Data in this exercise
⁂

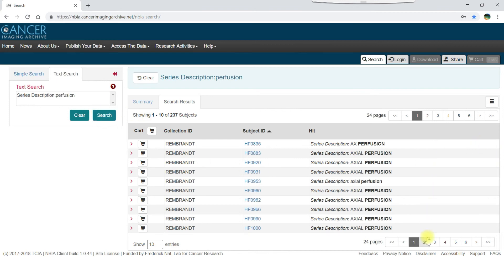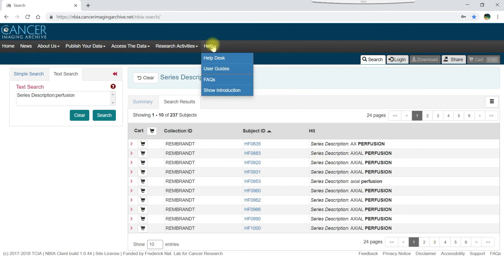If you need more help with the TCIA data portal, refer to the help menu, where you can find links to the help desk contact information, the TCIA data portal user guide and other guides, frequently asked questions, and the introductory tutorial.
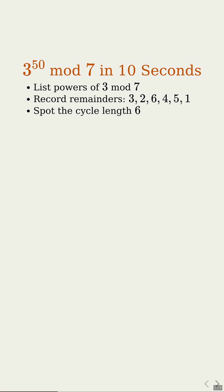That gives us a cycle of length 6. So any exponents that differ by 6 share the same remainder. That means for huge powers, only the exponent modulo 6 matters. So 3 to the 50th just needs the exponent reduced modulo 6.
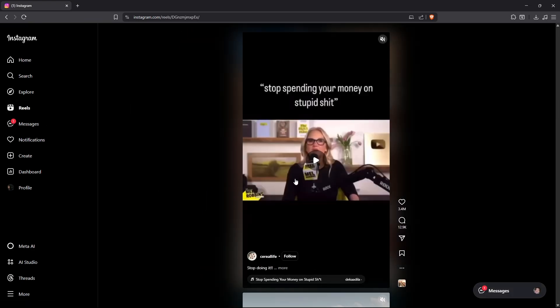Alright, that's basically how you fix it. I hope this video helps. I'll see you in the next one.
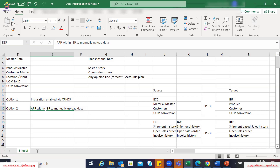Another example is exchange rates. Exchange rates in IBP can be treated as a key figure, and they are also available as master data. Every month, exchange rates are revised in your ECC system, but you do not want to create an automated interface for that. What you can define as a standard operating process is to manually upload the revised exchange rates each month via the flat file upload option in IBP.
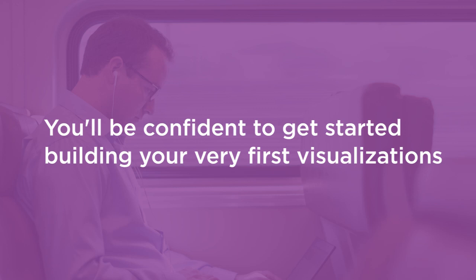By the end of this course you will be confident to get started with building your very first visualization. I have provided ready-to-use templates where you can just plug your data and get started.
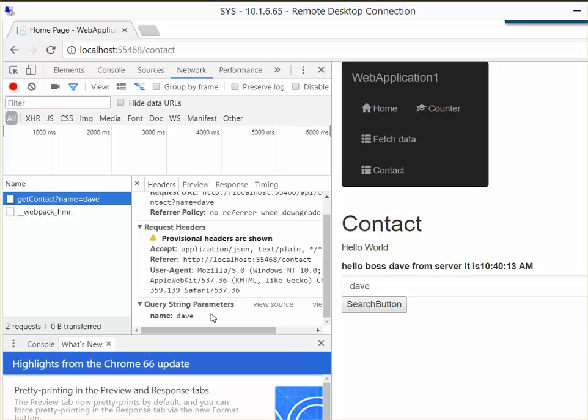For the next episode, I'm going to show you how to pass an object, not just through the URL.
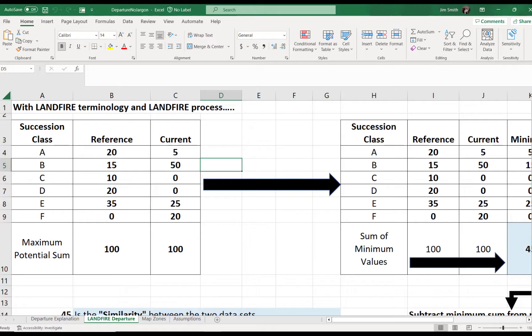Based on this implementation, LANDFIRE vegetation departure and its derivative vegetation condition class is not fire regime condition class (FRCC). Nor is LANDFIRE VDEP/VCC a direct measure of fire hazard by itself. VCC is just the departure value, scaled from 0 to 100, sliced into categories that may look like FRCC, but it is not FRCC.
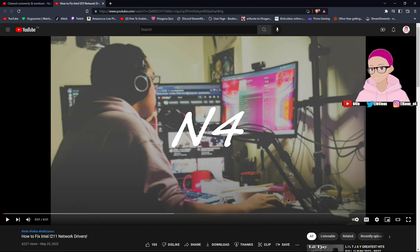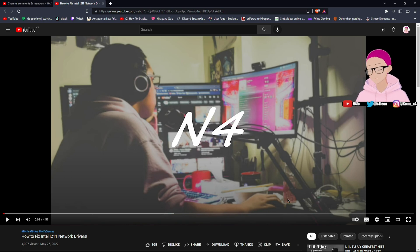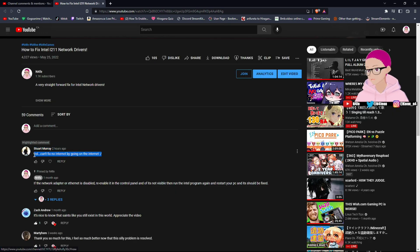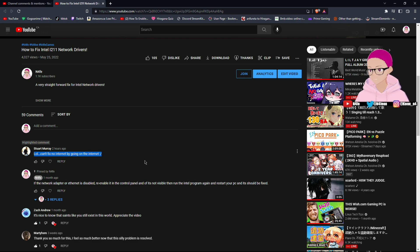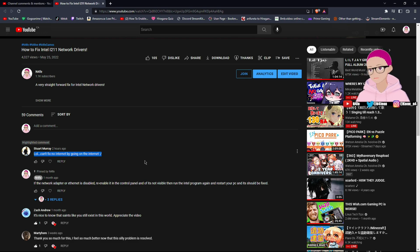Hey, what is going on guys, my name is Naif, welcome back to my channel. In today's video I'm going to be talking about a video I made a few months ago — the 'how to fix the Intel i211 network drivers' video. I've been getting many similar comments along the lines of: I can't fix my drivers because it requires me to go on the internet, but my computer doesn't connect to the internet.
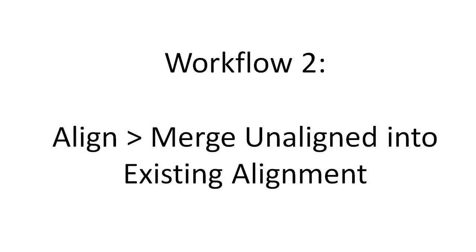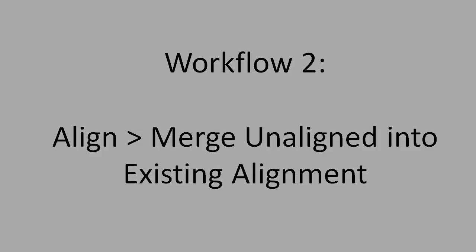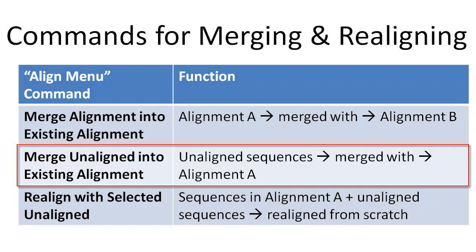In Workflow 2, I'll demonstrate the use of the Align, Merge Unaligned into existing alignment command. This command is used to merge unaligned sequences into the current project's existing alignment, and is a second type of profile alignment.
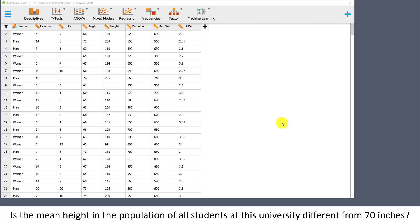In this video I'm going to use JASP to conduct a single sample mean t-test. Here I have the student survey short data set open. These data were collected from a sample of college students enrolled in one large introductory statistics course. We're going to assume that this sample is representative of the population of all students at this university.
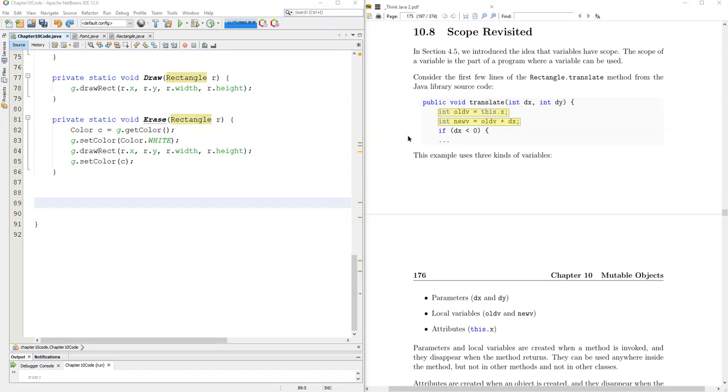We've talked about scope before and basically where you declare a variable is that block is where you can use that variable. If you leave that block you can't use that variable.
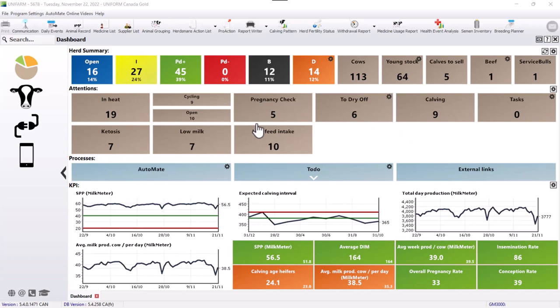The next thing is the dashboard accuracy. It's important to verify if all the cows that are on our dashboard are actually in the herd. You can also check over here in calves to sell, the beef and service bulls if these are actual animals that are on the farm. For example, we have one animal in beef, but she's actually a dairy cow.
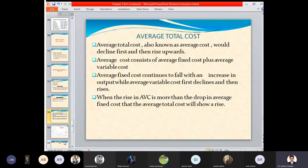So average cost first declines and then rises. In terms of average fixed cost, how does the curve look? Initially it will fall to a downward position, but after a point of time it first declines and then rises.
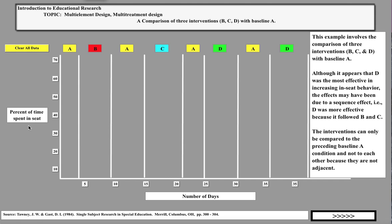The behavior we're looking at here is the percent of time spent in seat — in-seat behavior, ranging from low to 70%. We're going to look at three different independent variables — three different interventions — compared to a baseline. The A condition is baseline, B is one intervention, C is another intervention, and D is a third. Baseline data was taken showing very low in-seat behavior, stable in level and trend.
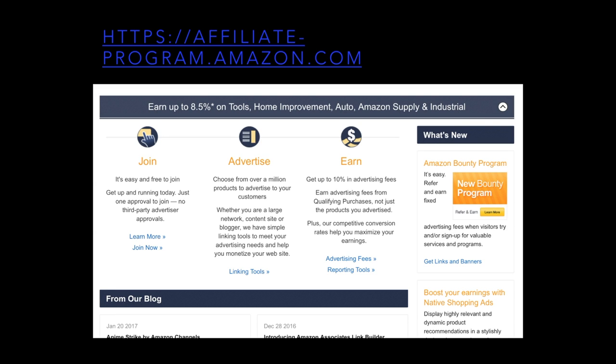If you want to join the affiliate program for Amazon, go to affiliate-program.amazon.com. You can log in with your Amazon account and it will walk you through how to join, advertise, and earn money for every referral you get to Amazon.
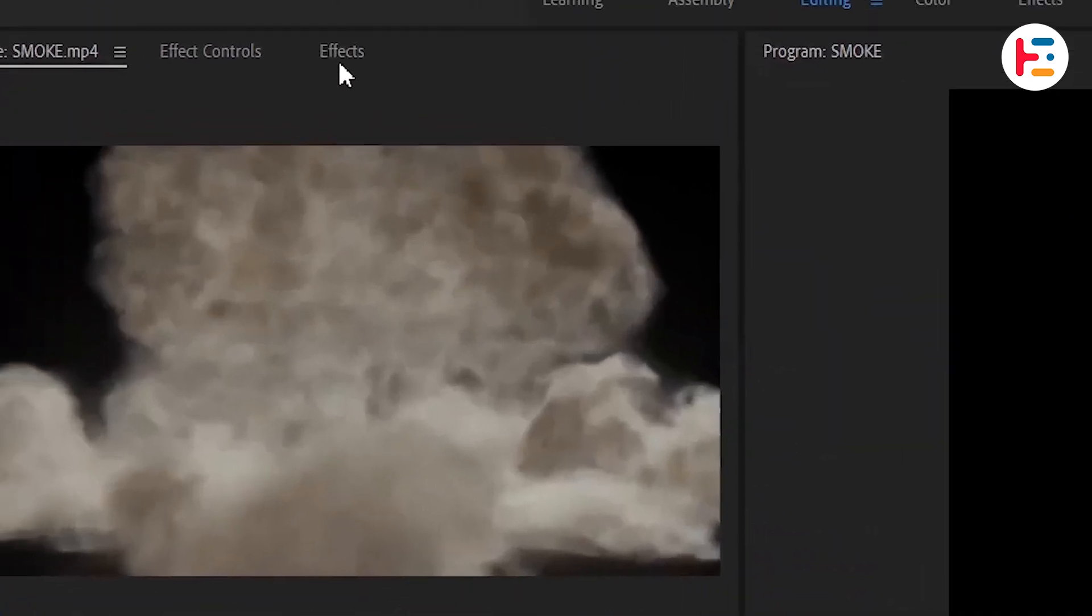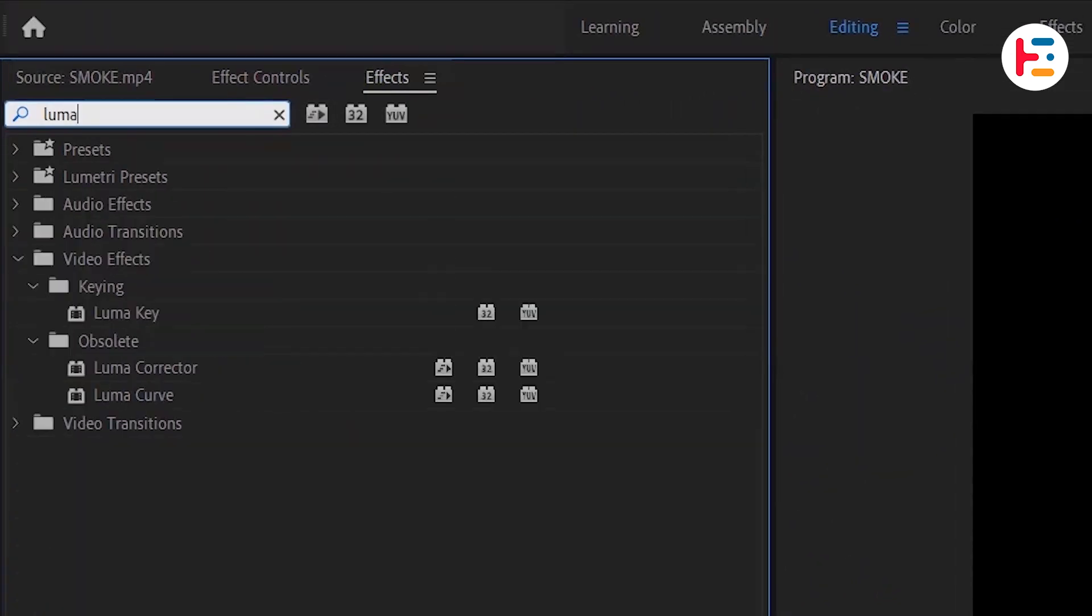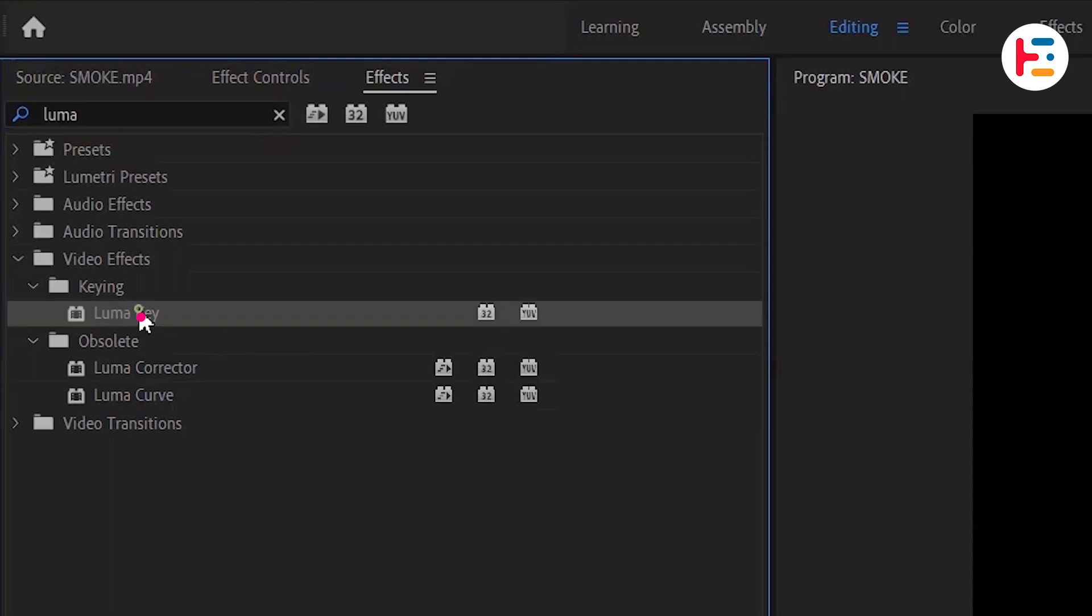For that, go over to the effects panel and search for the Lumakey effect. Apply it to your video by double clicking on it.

⁂

Exercise description
Within the listing above, copy exactly the lines that start at the one with "In Workflow 2, I'll" and continue through the one with "We've talked about". Omit pictures.

Answer for this exercise
In Workflow 2, I'll demonstrate the use of the Align, Merge Unaligned into existing alignment command. This command is used to merge unaligned sequences into the current project's existing alignment, and is a second type of profile alignment.
In this video I'm going to use JASP to conduct a single sample mean t-test. Here I have the student survey short data set open. These data were collected from a sample of college students enrolled in one large introductory statistics course. We're going to assume that this sample is representative of the population of all students at this university.
We've talked about scope before and basically where you declare a variable is that block is where you can use that variable. If you leave that block you can't use that variable.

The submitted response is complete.